I think you nailed it here. My safe space is Alcoholics Anonymous, and having that safe space probably saved my life.
It's unfortunate that the term has been somewhat taken over and always incites such ferocious debate on HN and other communities on the internet. I doubt anyone here is against there being LGBTQ support or Narcotic Anonymous groups on campus.
Yeah, all these words mean different things to the Social Justice/Progressive left and the rest of us.
It's one of the surest tells that a movement is wrong when they refuse to use the regular meanings of words and start redefining them in their own usage. People who are right never have to resort to such contrivances.
You're absolutely correct, and this illuminates an aspect of the controversy that I don't think gets quite enough coverage: where did the social justice/progressive left students learn about the terminology and ideology they advocate?
They almost certainly didn't learn it in high school, from their peers in high school, or from their parents. (Although that may be changing.)
They learned these things at the university, from professors, and from fellow students who learned from the same professors.
In other words, academia brought this situation upon itself by teaching these things to students -- -- so I'm rather leery of analyses which blame millennials for pushing a self-indulgent worldview on universities. If the same ideas had been taught to previous generations of students, they too would have advocated trigger warnings and safe spaces.

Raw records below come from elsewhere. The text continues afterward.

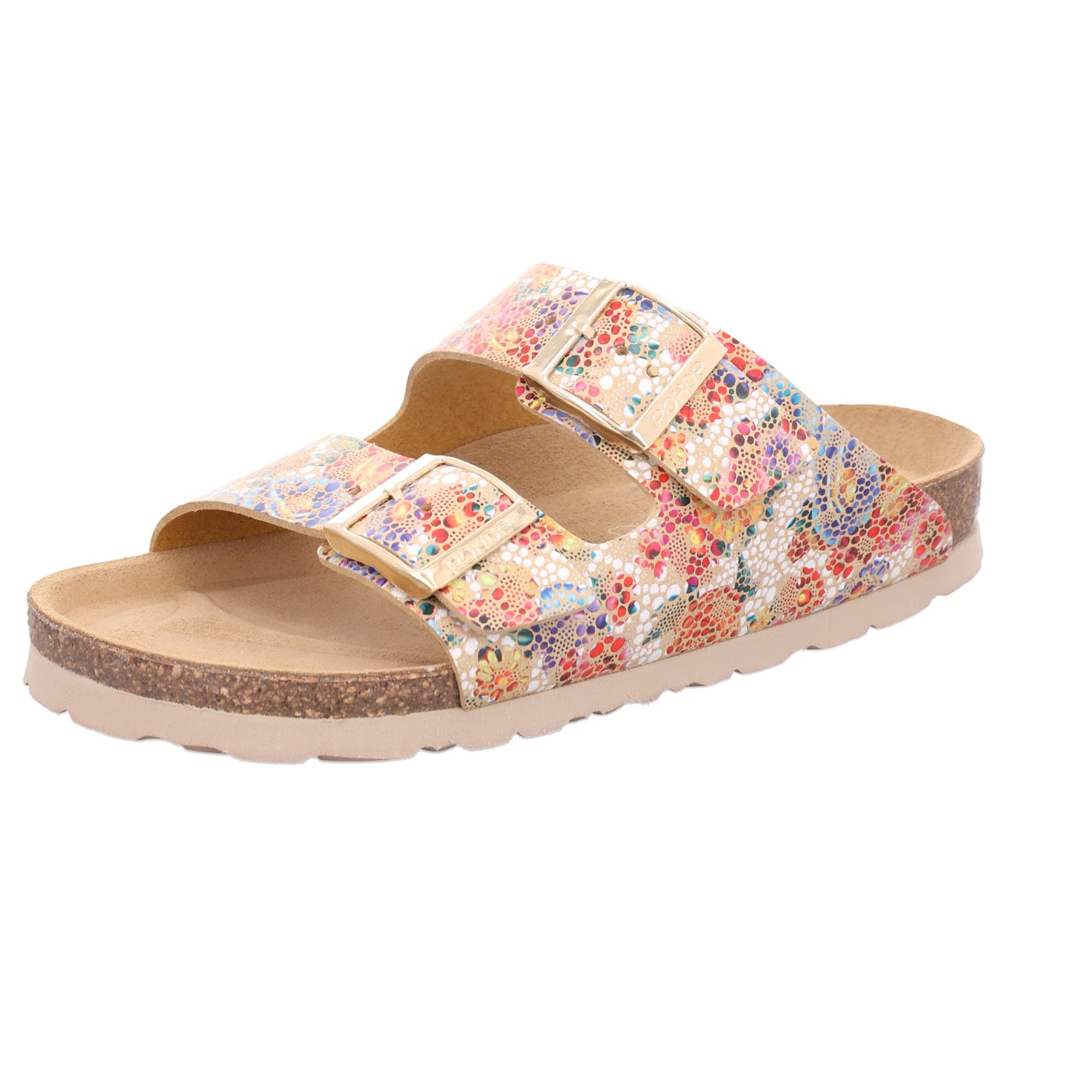 Rohde Pantolette »Alba«  chaussure d'été, chaussure d'intérieur avec boucles réglables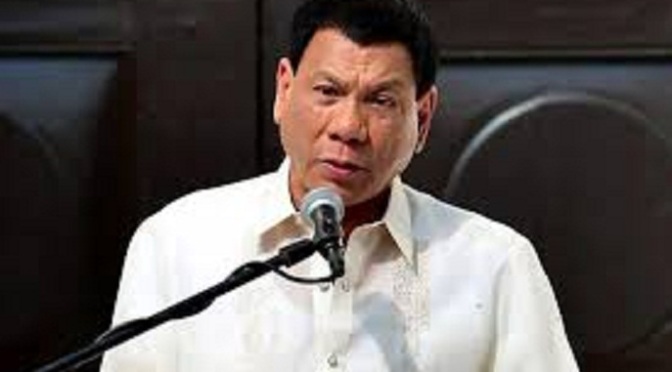 Duterte to close down Congress if Charter mangled by Con-Ass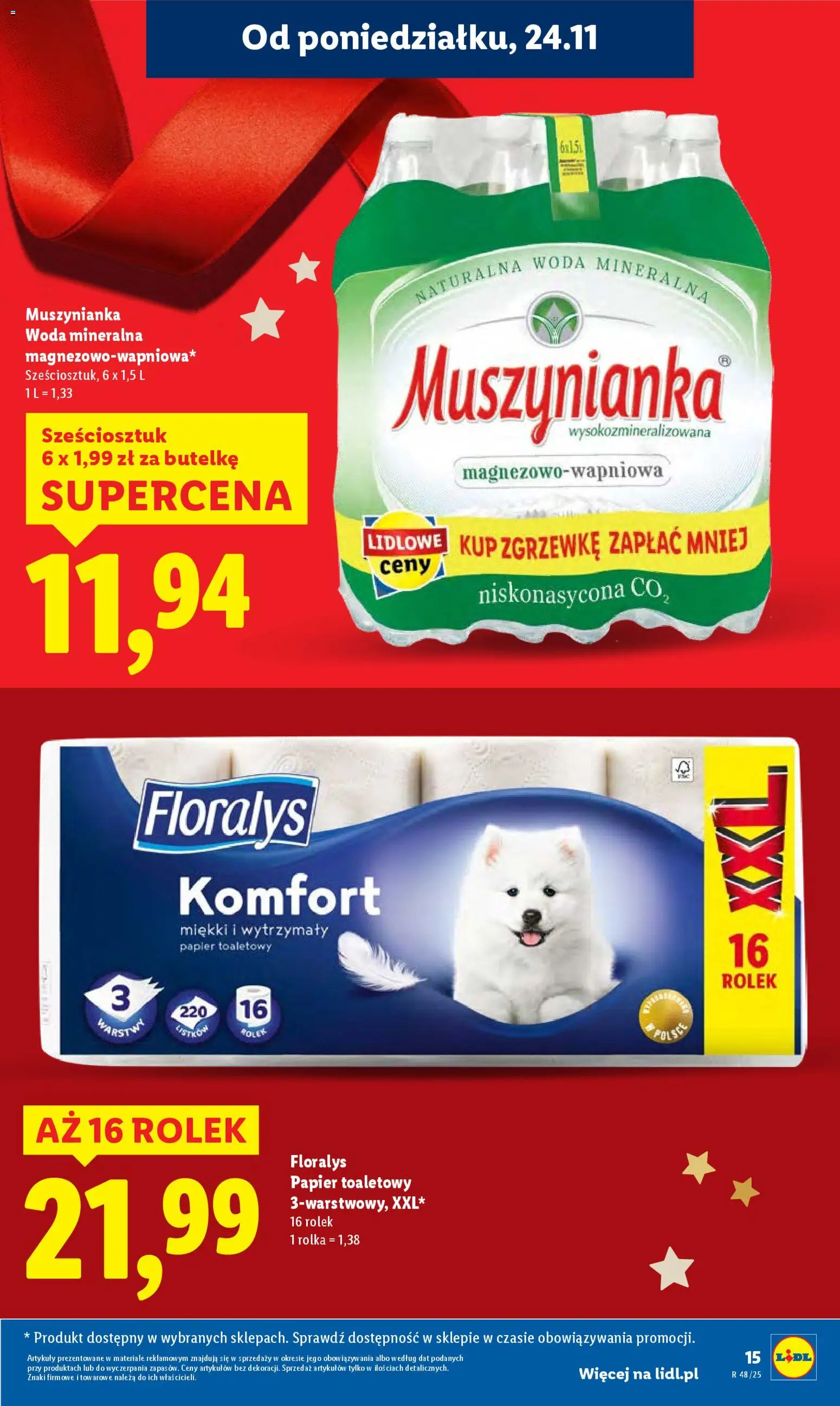 LIDL gazetka ważna od 24.11.2025 do 26.11.2025 strona 15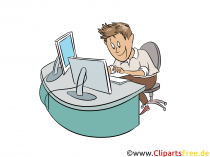 Developer Clipart Image
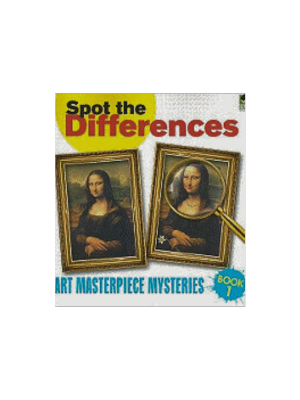 Spot the Difference Art Book 1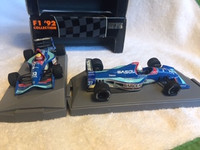 F1 1992 ONYX JORDAN - S. MODENA + M. GUGELMIN -- 1:43 scale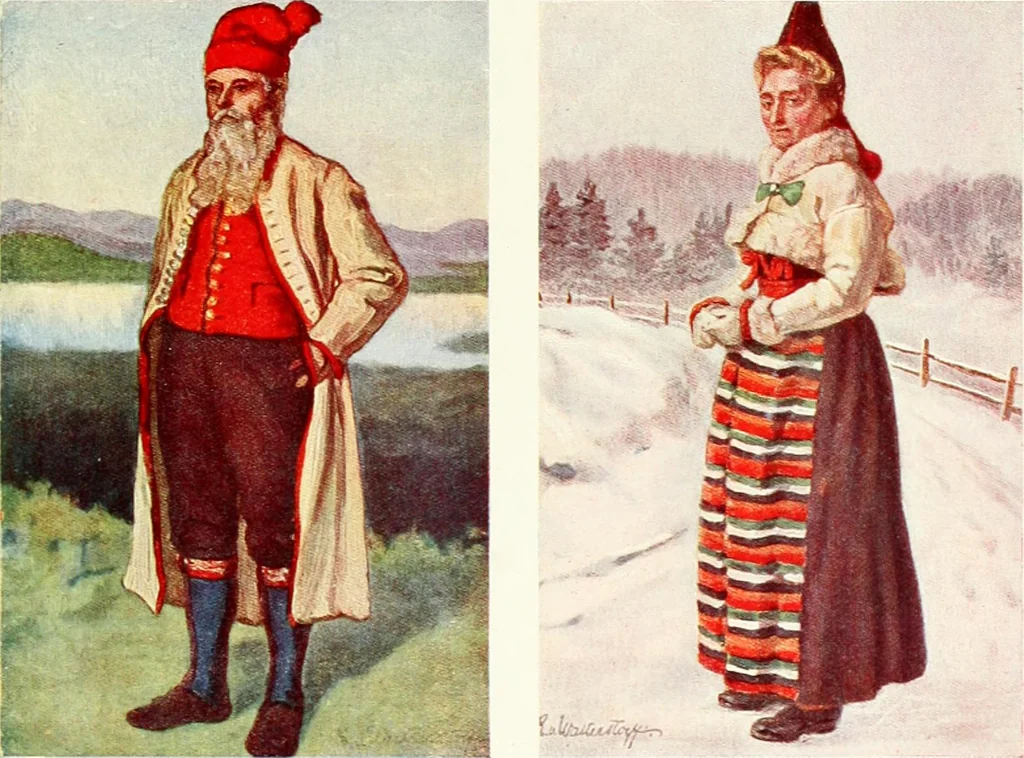 An illustration from Peasant art in Sweden, Lapland and Iceland, 1910, leaf 192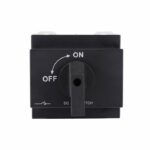 Interrupteur-sectionneur 4P DC 63A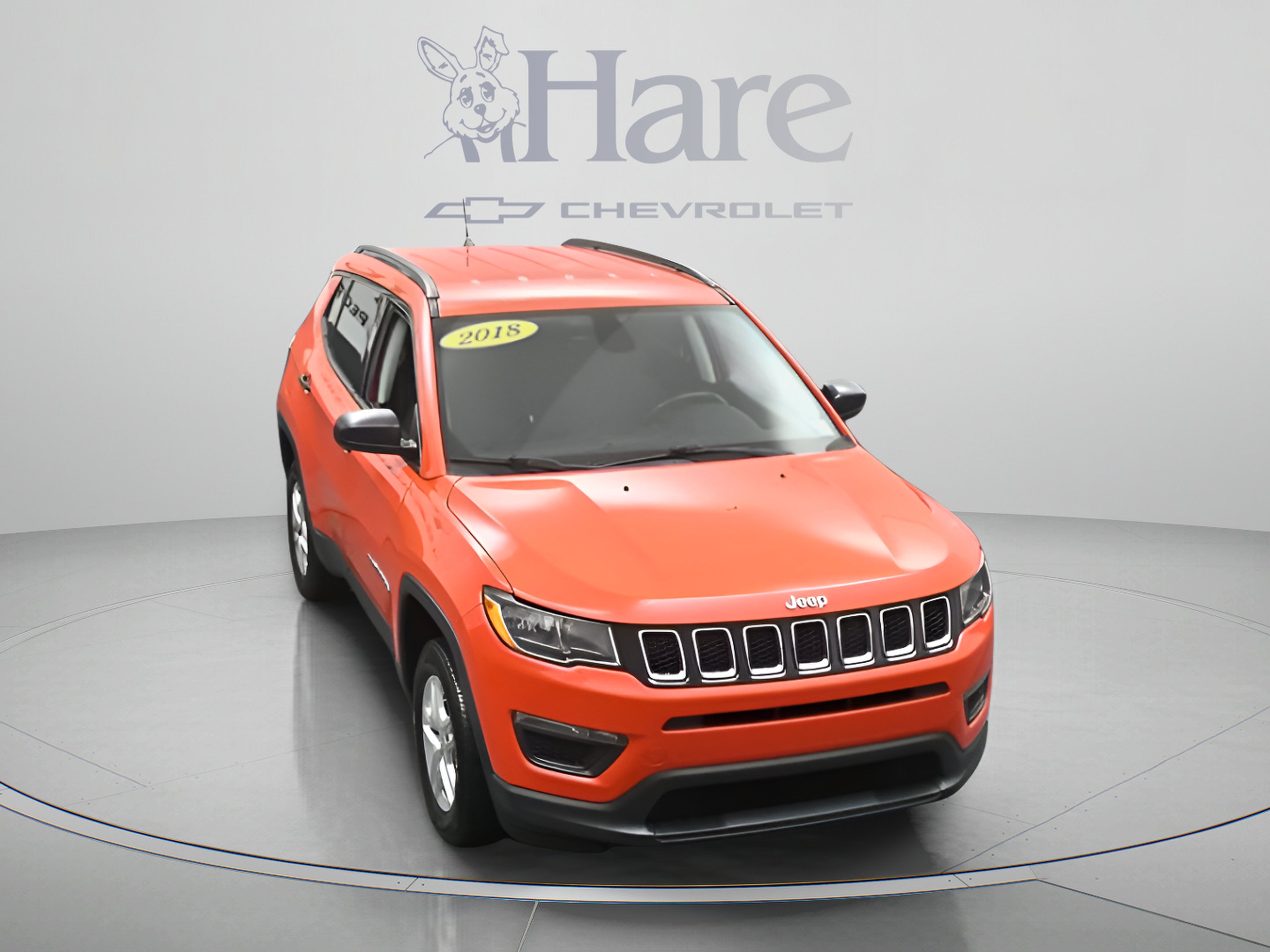 2018 Jeep Compass Sport 4x4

Which is why I'm sure you use the word "colored" (or worse) instead of african/african-american, homosexual instead of gay, tranny instead of transwoman/transman, and similar?
After all, words are just irrelevant symbol strings on top of a meaning, right? If you're not really racist, it shouldn't matter if you only ever refer to people of the global majority by slurs. The surest tell a movement is wrong is when they refuse to use the regular meanings of words.
If we're trying to communicate and understand the world together, what specific words we use don't matter, only that we agree on what they mean. We could even speak a completely non English language.
If you're instead trying to show which American political tribe you belong to, the concerns you mention become very important.
I think you are right. Here is the page from the Chicago LGBTQ student group on how they implement and create safe spaces for students:
https://lgbtq.uchicago.edu/page/safe-space
While I agree with you, I think it's worth noting that Yale's system of on-campus housing is drastically different than that at most universities. The residential college system offers much closer and personal interactions with a set of deans, faculty, and staff that is reinforced over the entire four years at the school. Whatever one's stance on the Yale controversy, I think it's important to distinguish Yale's housing system from standard college dorms.
I'm personally somewhat familiar with the distinction, but I don't really see how it's relevant. Pretty much every college dorm, including those that are less tight knit and personal than Yale's system, offers a safe space and protection from harassment. If anything, the fact that Yale fosters closer relationships with administrators and faculty should make it _more_ likely that students would take gentle advice from their house master with equanimity instead of unhinged screaming and calls for his ouster.
> If anything, the fact that Yale fosters closer relationships with administrators and faculty should make it _more_ likely that students would take gentle advice from their house master with equanimity instead of unhinged screaming and calls for his ouster.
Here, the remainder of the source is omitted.